Do You Really Need to Learn How to Use a Row Counter?

You may be thinking, wow is she for real – of course I know how to use a row counter. I know this may seem like something not worth talking about, or an insult to your abilities. But sometimes in life it’s the small tips that make all the difference to creating the projects we desire. There are times when the pattern instructions read something like “bind off 4 sts at the beg of next 4 rows, then dec 1 st each side every other row 8 times…”. Ultimately you’ll need to develop a system to keep track of your rows, or you will have a meltdown.

I’m a perfectionist and certainly technical, when it comes to knitting my projects. It is important to me that my projects are finished professionally, and my pattern instructions are readable. I can appreciate if you are more of a free-wheeling type, but trying a new approach may make all the difference.

Firstly, what are these tools? Counters tally rows as you knit. They aren’t absolutely essential, pen and paper will suffice. But like any tool, counters make your knitting more efficient. The most common type is a circular, rotary counter that slides onto the end of the needle. The central core is designed to fit a range of needle sizes. A variation of the circular counter has an attached stitch marker, for circular knitting, also known as the universal counter. The universal counter dangles below the stitch marker, and does have a tendency to swing from your needles. I find these rather annoying. A favorite of mine is a peg board, allowing you to keep track of rows, increases, decreases, and stitch pattern repetitions. Other types available include a mini hand held clicker often called “Kacha Kacha”, pendant counters, electronic counters, and software applications.

You have to be conscious of moving the counter after each row is completed. If you have been knitting for awhile, you know simple patterns can be visibly counted. In stockinette stitch, one “V” is a row and in garter stitch one ridge equals 2 rows. But going back to the beginning and counting each time is tedious and inaccurate. As you knit more complicated pattern stitches, this is not easy to do and leads to frustration. It is not only important to count rows, but learn to understand how the pattern stitch evolves, so you can determine what row you’re on if you make a mistake and have to rip back. The following is my system of keeping track of rows.

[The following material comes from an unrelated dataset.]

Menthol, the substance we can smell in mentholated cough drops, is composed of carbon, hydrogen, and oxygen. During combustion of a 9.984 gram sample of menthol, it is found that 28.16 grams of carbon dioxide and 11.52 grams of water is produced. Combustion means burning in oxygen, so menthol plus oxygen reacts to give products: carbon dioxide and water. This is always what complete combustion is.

When beginning a project, I think of odd rows as the right side and even rows as the wrong side of the knitted fabric. For most pattern instructions, the first row is the right side, therefore my reasoning behind odd numbers for right side and even numbers for wrong side. Knitting garments or any project requiring pieces, such as back, front, and sleeves, I count rows for each section of the piece. Most garment patterns begin with the back, so I begin by counting the number of rows to complete the border. I write this number in the instructions, and at the same time I measure the border and record this number. If the border is knit on smaller needles, it will be a different measurement from the gauge. I subtract the border measurement from the total measurement for the piece, to calculate approximately how many rows I need to knit to reach the armhole. I move the counter back to zero and count the number of rows knitted to the armhole, and again write down this number. I repeat this process for the armhole to shoulders. Now, when I go to knit the front, I know how many rows to knit for each section of the piece – the border, border to armhole, and armhole to shoulder. By keeping track of rows, the garment pieces match up row for row, and seaming is much easier.

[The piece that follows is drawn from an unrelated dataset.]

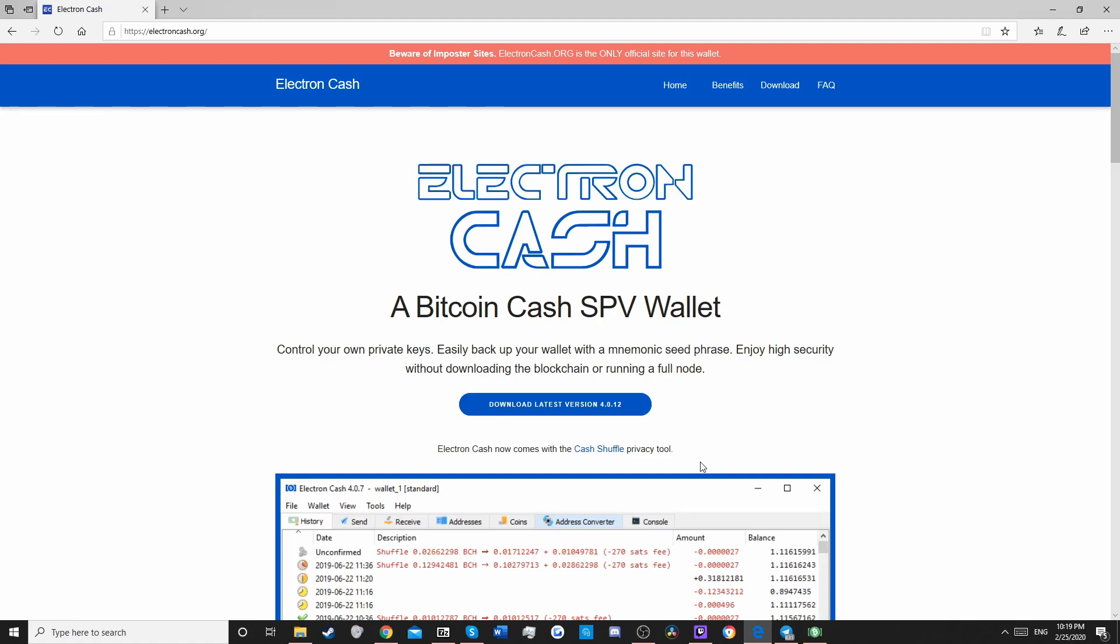Good evening everyone and welcome to the token talk show. Today we'll be starting with the absolute basics. Where can you store your tokens and how can you make a token?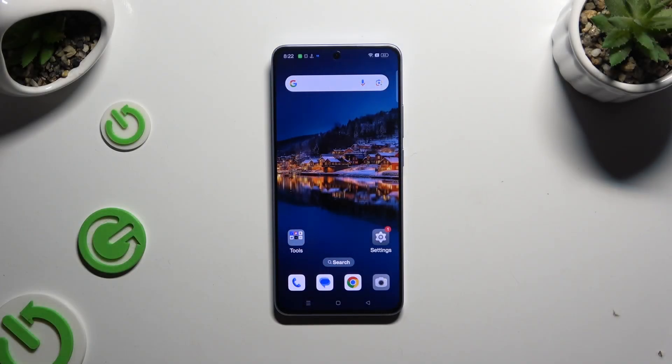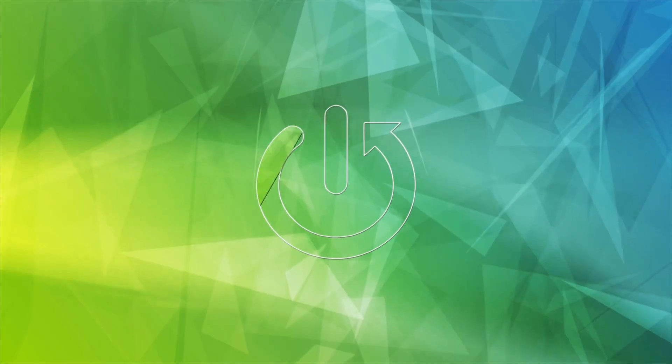In front of me is Oppo Reno 11F and today I would like to show you how you can switch on or off autorotation.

The project I’m working on now, is knit in simple stockinette stitch, so I’m using a circular counter on my needle. But there is also shaping with decreases and increases along the side edges. In addition to using the counter, I made a chart on paper so I know which row to decrease or increase. If you look at my chart below, when I reach row 15 on the circular counter, I decrease one stitch on both side edges of the back piece. You’ll also notice I use my own shorthand.

Chart to use when counting decreases and increases.

Chart to use when counting decreases and increases.

 

When working multiple charts, or pattern stitches, writing on paper helps to keep track of all the different rows for each pattern stitch, and in addition I use a counter for total rows.

The most important message to take from this, is to count your rows, whatever system you devise. But when the frustration sets in, I guarantee that you won’t get lost and all your pieces will fit together with ease. So toss a counter, along with your pen and paper in your toolbox!